Tu conciencia se apagó lentamente, mientras circulabas por una carretera de neón. Ya no eras una dulce muchacha rubia educada en una mansión, sino una pobre chica rubia esperando en la puerta de un cine que se resiste a reconocer que nadie acudirá a su encuentro. Tu infancia susurraba en tu oído, hablando de orquídeas y caballos salvajes. En tu agonía, pensaste que la felicidad era un río con la mirada de un padre compasivo.
Los periódicos dijeron que te habías suicidado o que habías muerto por sobredosis accidental de barbitúricos. Algunos insinuaron que habías imitado a Marilyn para reunirte con ella en la eternidad. Andy Warhol se enteró de tu muerte por teléfono. Una amiga le llamó y le contó que a las 9:20 habías dejado de respirar. “¿Quién heredará todo su dinero?”, preguntó Andy. “Estaba completamente arruinada”. Se formó un breve silencio. “Vaya –prosiguió Andy-. En fin, cuéntame qué has estado haciendo hoy”.

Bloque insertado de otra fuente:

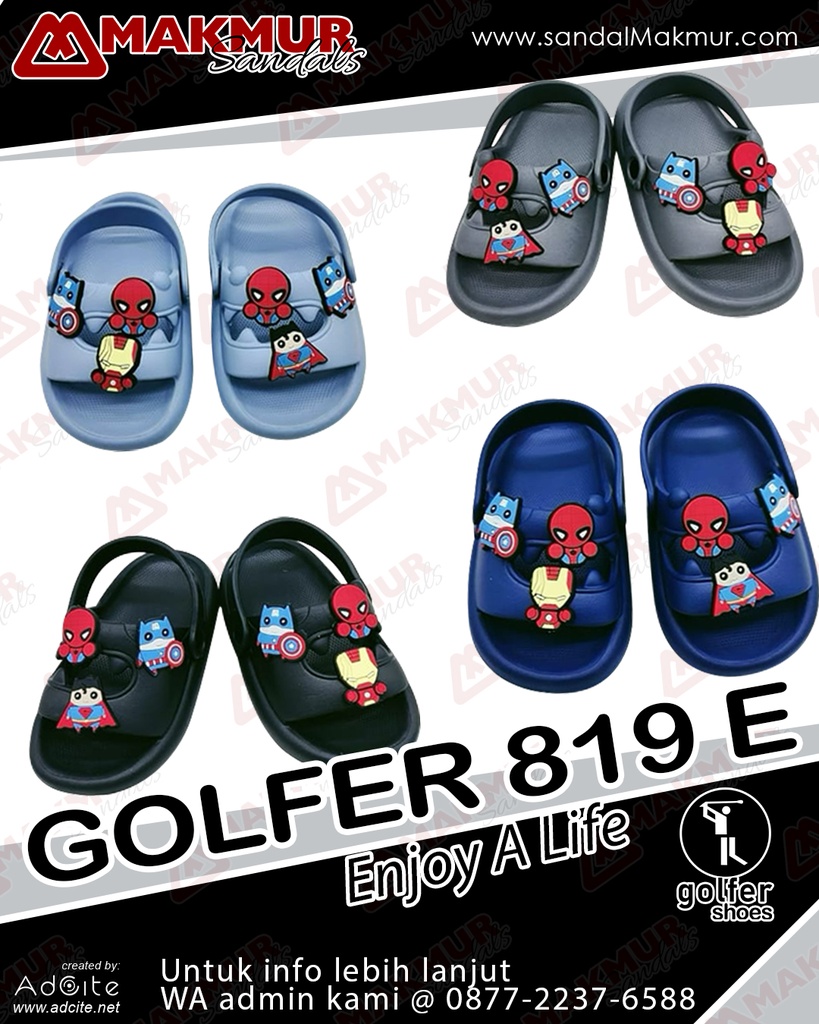 GOLFER 819 E (24-29)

No te aflijas, Edie. Andy era un bastardo, al igual que Dalí. Algunos todavía te queremos. No eres Holly Golightly, la eterna aspirante a actriz que desayunaba frente a Tiffany & Co., sino un astro que aún nos permite soñar con noches eternas y un lejano camerino con las luces siempre encendidas. Querida Edie Sedgwick, tal vez eres la niña que yo no he traído a este mundo.